_Problem_.
Begin at the line containing "Gato engraçado com" in the entries below and end at the line containing "y1uan大家族：探讨其历史渊源、文化传承与现代发展对社会的影响及未来趋势分析"; transcribe that range exactly and nothing outside it.

START Extracted material

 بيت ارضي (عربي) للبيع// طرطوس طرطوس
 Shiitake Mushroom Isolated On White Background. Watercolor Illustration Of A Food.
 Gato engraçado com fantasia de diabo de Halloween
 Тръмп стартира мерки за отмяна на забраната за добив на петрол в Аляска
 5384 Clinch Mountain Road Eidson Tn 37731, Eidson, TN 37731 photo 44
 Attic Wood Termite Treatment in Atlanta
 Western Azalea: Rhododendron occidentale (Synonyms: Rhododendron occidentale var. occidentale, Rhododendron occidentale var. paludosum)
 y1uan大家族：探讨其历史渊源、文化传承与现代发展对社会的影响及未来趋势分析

END Extracted material
START Extracted material

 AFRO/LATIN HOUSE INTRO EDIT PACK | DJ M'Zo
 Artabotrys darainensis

END Extracted material

_Exercise output_.
 Gato engraçado com fantasia de diabo de Halloween
 Тръмп стартира мерки за отмяна на забраната за добив на петрол в Аляска
 5384 Clinch Mountain Road Eidson Tn 37731, Eidson, TN 37731 photo 44
 Attic Wood Termite Treatment in Atlanta
 Western Azalea: Rhododendron occidentale (Synonyms: Rhododendron occidentale var. occidentale, Rhododendron occidentale var. paludosum)
 y1uan大家族：探讨其历史渊源、文化传承与现代发展对社会的影响及未来趋势分析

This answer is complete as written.